I have to say that my sympathies are with the guards trying to deal reasonably politely with some pratt from the Guardian stirring up trouble.

Private 'security' men trying to bully members of the public on public land with unlawful threats? I'd tell him to **** off.

And take the world's smallest Rottweiler with him.

The whole point of freedom, and especially free speech (of which this is a special case, because free speech must include the right to observe, record and publish) is to give rights to everybody - even 'prats from the Guardian'. MarkF might find that one day someone thinks he is a prat and uses that as an excuse to silence him.

The point, MarkF, is that the guards don't have a right to deal with the pratt from the Guardian, politely or otherwise.

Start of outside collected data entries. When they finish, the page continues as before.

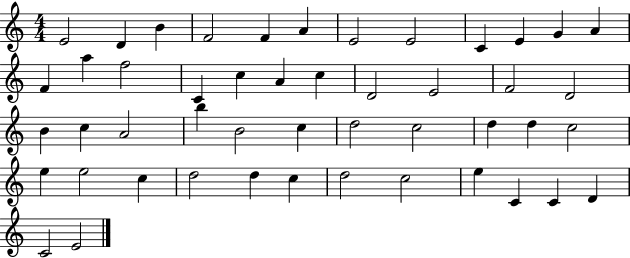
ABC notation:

X:1
T:Untitled
M:4/4
L:1/4
K:C
E2 D B F2 F A E2 E2 C E G A F a f2 C c A c D2 E2 F2 D2 B c A2 b B2 c d2 c2 d d c2 e e2 c d2 d c d2 c2 e C C D C2 E2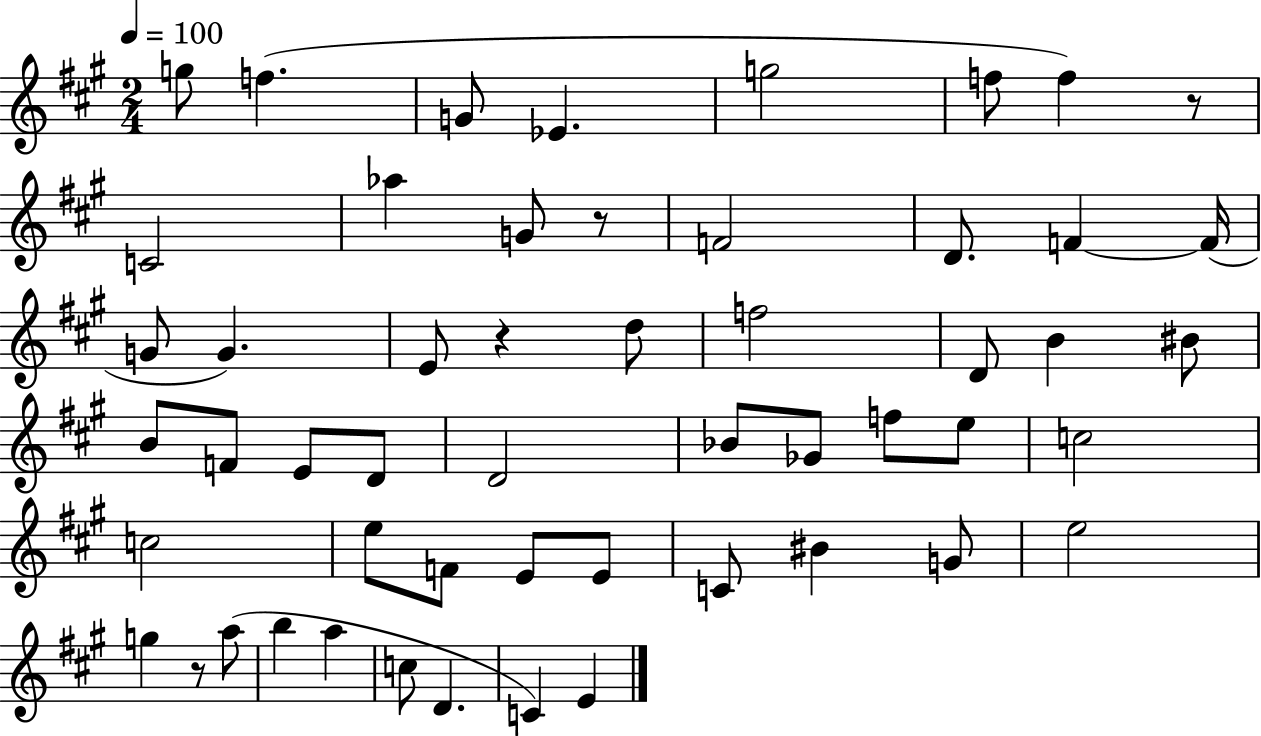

Everyone has the right to take action when they see someone acting in a suspicious manner around a sensitive area.

When pushing the det into some explosives and rolling out the det wire maybe, but taking photographs, do they bollocks? Under such circumstances, the most you can do is take some photos of your own and pass them on to the fuzz (and if the fuzz came knocking on my door as a result I'd tell them to bollocks as well). People do not have a general right to interfere with people carrying out perfectly legal activities just because they are paranoid or nasty little fascists.

This is how england ends. Fat idiots with poodles telling you what to do in a public sheet.

This is how england ends. Fat idiots with poodles telling you what to do in a public street.